篠山紀信と磯崎新の「建築行脚」

磯崎「篠山さんの写真と僕との出会いは、ガウディを一緒に見てまわったのがそもそもの始まりでしたね。その時気がついたんだけど、これまで僕が理解していた建築写真と全く違う目を篠山さんは持っている。建築は生きているものだと思うし、その生きざま、存在感を、篠山さんは直感的に写し撮ることができる人だということが分ってきた。」

篠山「そう、あれがきっかけでしたね。だいたい僕は建築に関しては全く無知だったし、ほんとに初歩的なことから磯崎さんに教えてもらわないとわからなかった。ただ、その空間に浸っているうちに「あ、わかった」という瞬間があるのね。

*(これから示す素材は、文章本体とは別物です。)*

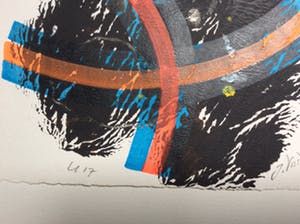 Jack Vissers - U 17 en U 44 - acryl op geschept papier kopen? Bied vanaf 10!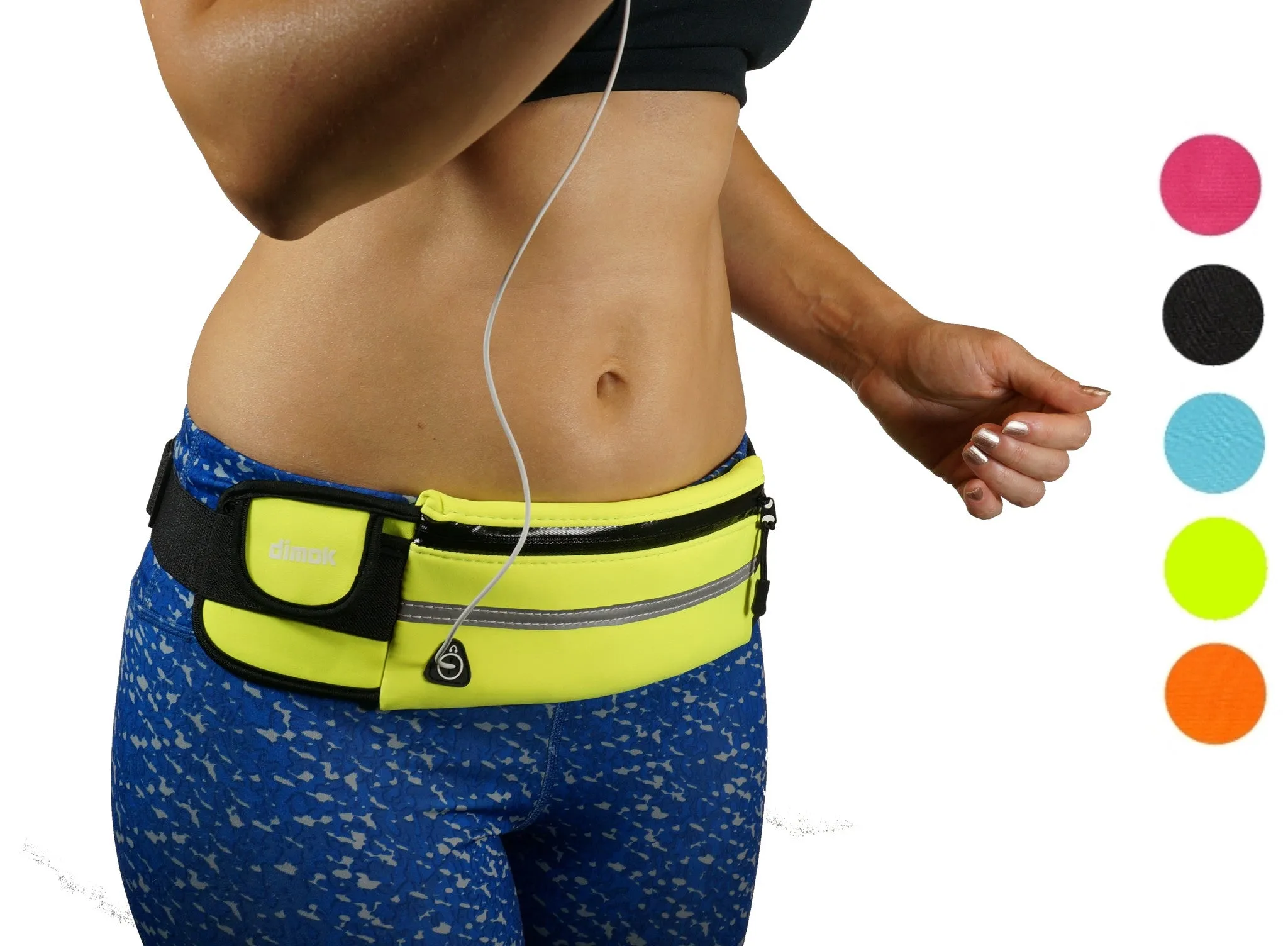 Dimok Running Belt Waist Pack Fanny Pack for Runners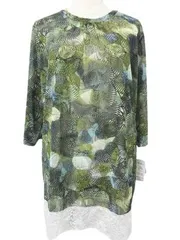 【送料無料】新品 Peal ピール ミセスエレガント シフォンチュニック カットソー レース刺繍切替 レディース Mサイズ Lサイズ■L17316SSS18（4）6/04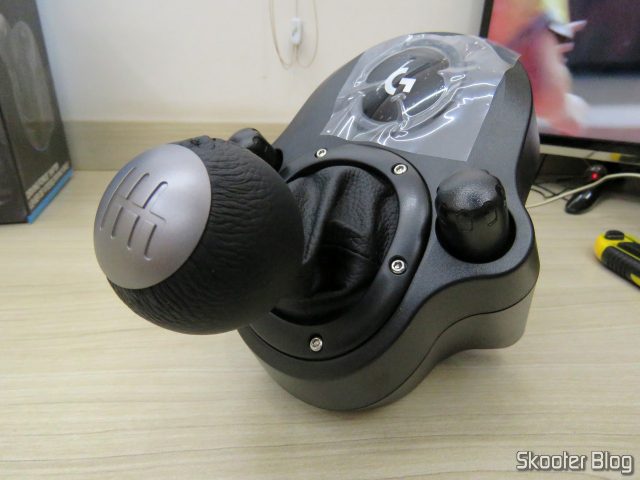 Câmbio Logitech Driving Force Shifter para G29/G920 Preto.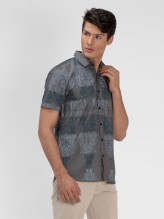 Stanza Brush  Printed  Shirt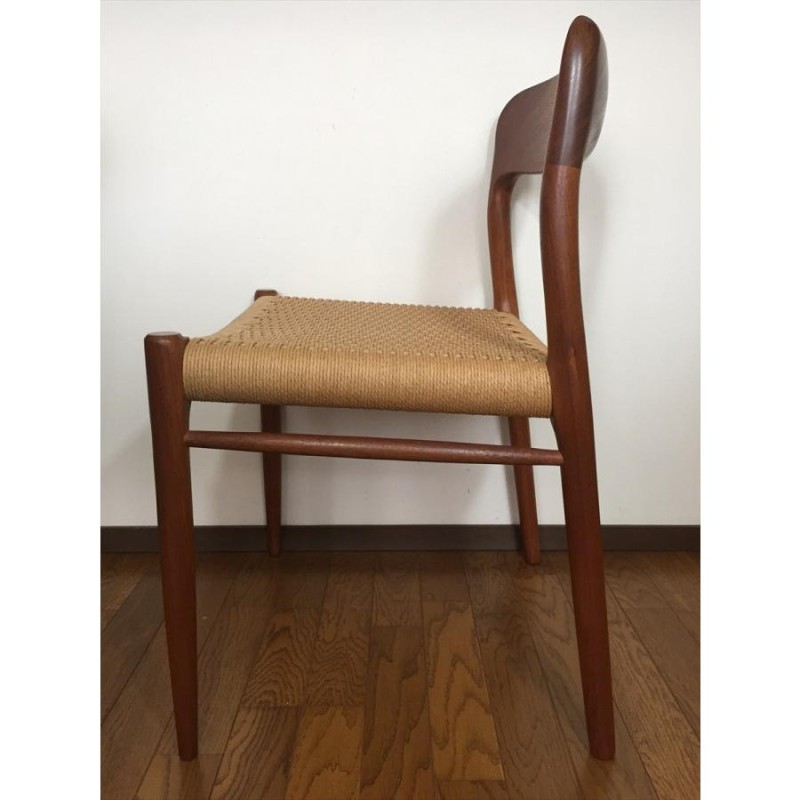 デンマーク　J.L Moller No.75 ダイニングチェア　チーク② J.L.Moller Model No.75 Chair Teak / J.L.モラー ニールス・O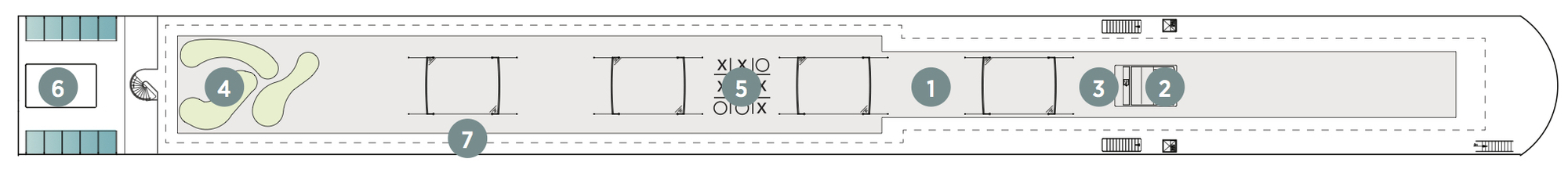 Sun Deck plan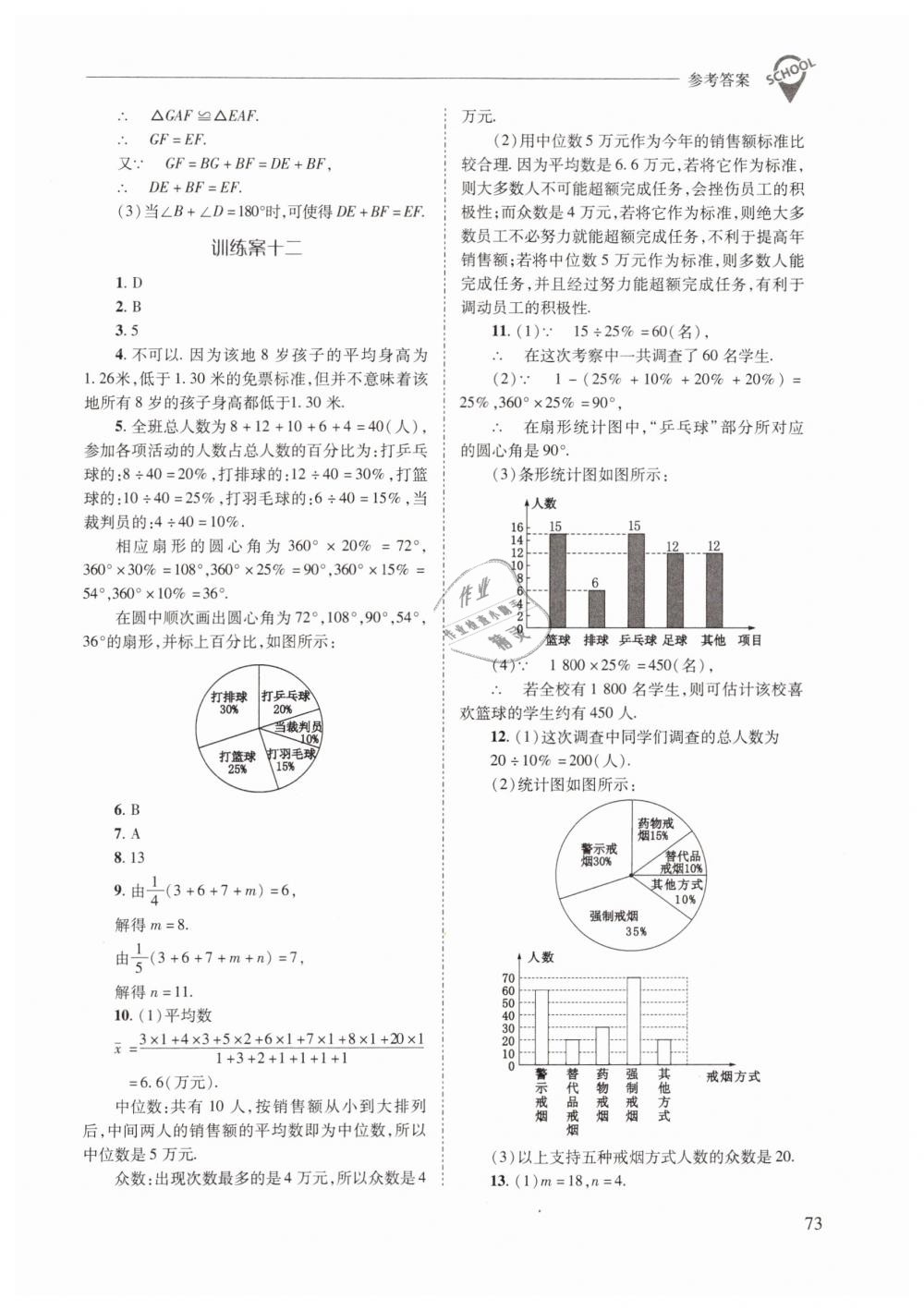 2019年新課程問(wèn)題解決導(dǎo)學(xué)方案八年級(jí)數(shù)學(xué)下冊(cè)華師大版 第73頁(yè)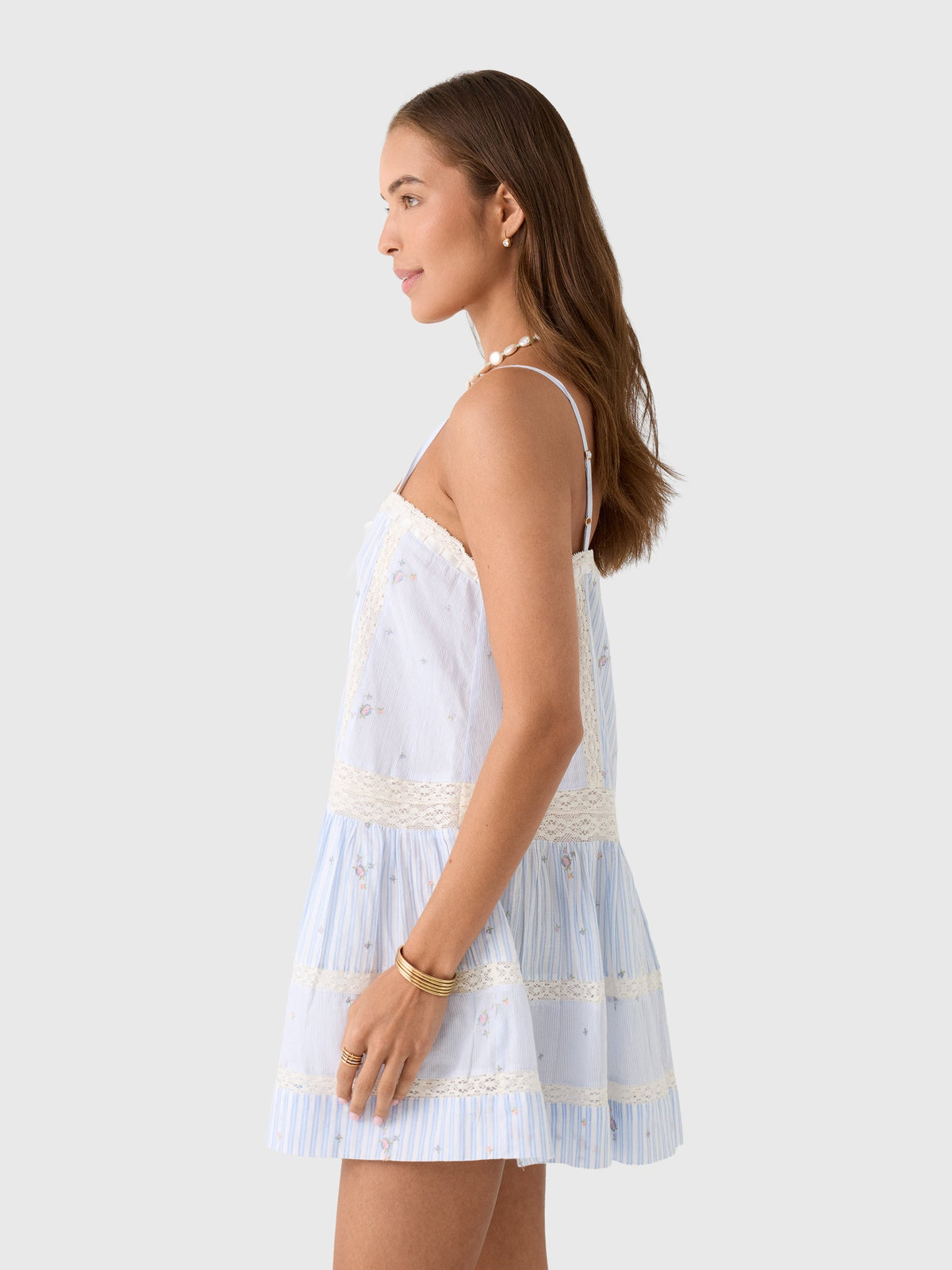LoveShackFancy Women's Vionett Cotton Mini Dress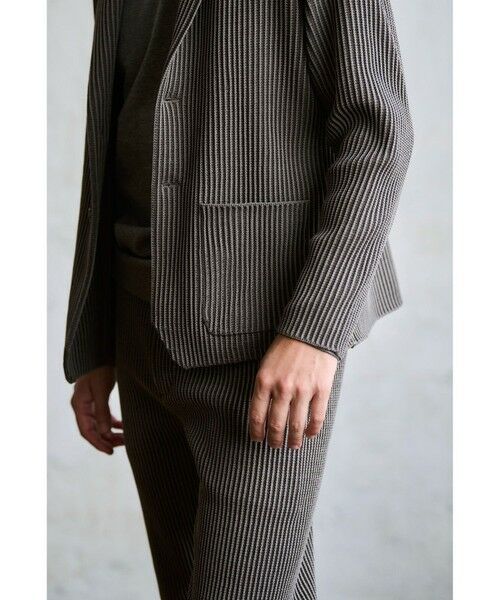 MEN'S BIGI / メンズビギ スラックス・ドレスパンツ | たて畝ニットジャージイージーパンツ＜セットアップ対応＞ | 詳細18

このシリーズの建物は、大部分ができてから何百年、何千年と経っているものですが、その何千年の中にも、天気のいい日もあれば、雨の日も風の日もあったはずだ。僕が行った時に風が吹いていたら、風が吹いている中の建物と出会えたんだから、その出会いを大切にしようと。だから、これは建築写真というよりは、ドキュメンタリーに近いんじゃないか。」

磯崎「そこに、二人で行脚している意味があると思いますね。ある特定の時と場所を二人で感じたり語ったりしたことが、写真なり文章にはね返ってくる。そういったことがこの企画の基本にあるわけで、これまでの美術全集や建築写真集と、一番違う点になると思います。」